Answer
(a) Sn = +4; Cl = -1;
(b) Cr = +6; O = -2;
(c) V = +5; O = -2; Cl = -1;
(d) V = +3; O = -2;
(e) H = +1, N = +5; O = -2;
(f) Fe = +2; S = +6; O = -2;
Work Step by Step
(a) Cl is an halogen, so its oxidation number is likely to be "-1". Since the compound has 4 of them, the total is "-4". To compensate for this, the oxidation number of $Sn$ one should be "+4" (In order to sum up to 0).
(b) The oxygen usually has a "-2" oxidation number, which sum up to "-6" (because the compound has 3 oxygens). Therefore, the "Cr" oxidation number must be equal to "+6".
(c) Each "Cl" usually gives a "-1" oxidation number, and an oxygen gives "-2", which gives a total of ((-1)*3 + (-2) = -5). To compensate for this, the oxidation number of the "V" should be equal to "+5".

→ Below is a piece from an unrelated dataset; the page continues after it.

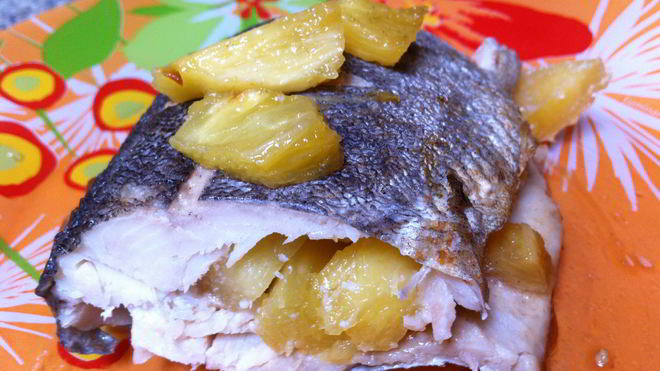 Рецепт Рыба, запеченная с ананасом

(d) The oxygen usually has a "-2" oxidation number, which sum up to "-6" (because the compound has 3 oxygens). Therefore, the total "V" oxidation number must be equal to "+6", since the compound has 2 of them, the oxidation number for each "V" must be "+3" (6/2).
(e) Normally, the hydrogen gives "+1", and each oxygen gives "-2", which gives us a total of (+1 + 3*(-2) = 1 - 6 = -5). To compensate for this, the "N" oxidation number must be equal to "+5".
(f) In this case, we have a "$SO_4^{2-}$" anion,, and a "$Fe^{2+}$" cation (The charge of the iron ion should be 2, in order to sum up to 0 with the "-2" from the sulfate)
The Iron oxidation number is "2+", because it is the only atom in the $Fe^{2+}$ ion.
Since each oxygen gives a "-2" oxidation number, and this compound contains 4"O", the total value is equal to "-8". The sum must be equal to "-2", which is the charge of the anion $SO_4^{2-}$. Therefore, the "S" oxidation number must be equal to "+6".